A raw-edged memoir


Raw Edges: A Memoir
Phyllis Barber
280 pages, hardcover: $26.95.
University of Nevada Press, 2010.

All memoirs risk provoking the reader's question: What's so important about your life, anyway? Why should we bother to read a whole book about it? Nevada author Phyllis Barber tries to answer that question in her second autobiography, Raw Edges: "While this search may be a self-absorbed, even selfish task, I think it's also a dipping into the river of humanity where everyone bathes. … It's about what it's like to want to be above the human fray and to realize I'm not."

In 1995, Barber's first autobiography, How I Got Cultured: A Nevada Memoir, detailed her idiosyncratic childhood as a Mormon musician growing up in a rural outpost of the Silver State. That book ends with her departure for Brigham Young University, where she meets David Barber, who becomes her first husband, the father of their four sons, and the subject of a good chunk of Raw Edges.

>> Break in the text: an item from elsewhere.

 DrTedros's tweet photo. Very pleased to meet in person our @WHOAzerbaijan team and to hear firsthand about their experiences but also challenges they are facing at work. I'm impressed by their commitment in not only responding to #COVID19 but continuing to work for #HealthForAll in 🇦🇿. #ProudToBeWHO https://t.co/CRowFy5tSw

The mature Phyllis encountered in this second memoir is pensive, often melancholy, searching for the spiritual solace that has eluded her despite her Latter-day Saints upbringing, though the church continues to reign over most of her life as a stay-at-home mother. But Barber yearns for a more fulfilling love, something her long marriage to David does not provide. This leads her to other lovers, a brief second marriage, and a long and psychologically devastating affair with a younger man who pawns her belongings to feed his drug habit.

Determined to forge a new, more independent life, Barber tests her endurance -- biking toward the East Coast, seeking Shamanic help in the Andes, and hiking high in the Wasatch and other mountain ranges.

In her prologue, Barber quotes St. Francis of Assisi: "Seek not to be understood but to understand." As the author of a fascinating novel about the building of the Hoover Dam, And the Desert Shall Blossom (1993), Barber might have chosen to explore the difficult emotional terrain of Raw Edges in fiction, but returned instead to the memoir. "I confess I'd like to be understood," she answers St. Francis, "if by no one else but myself."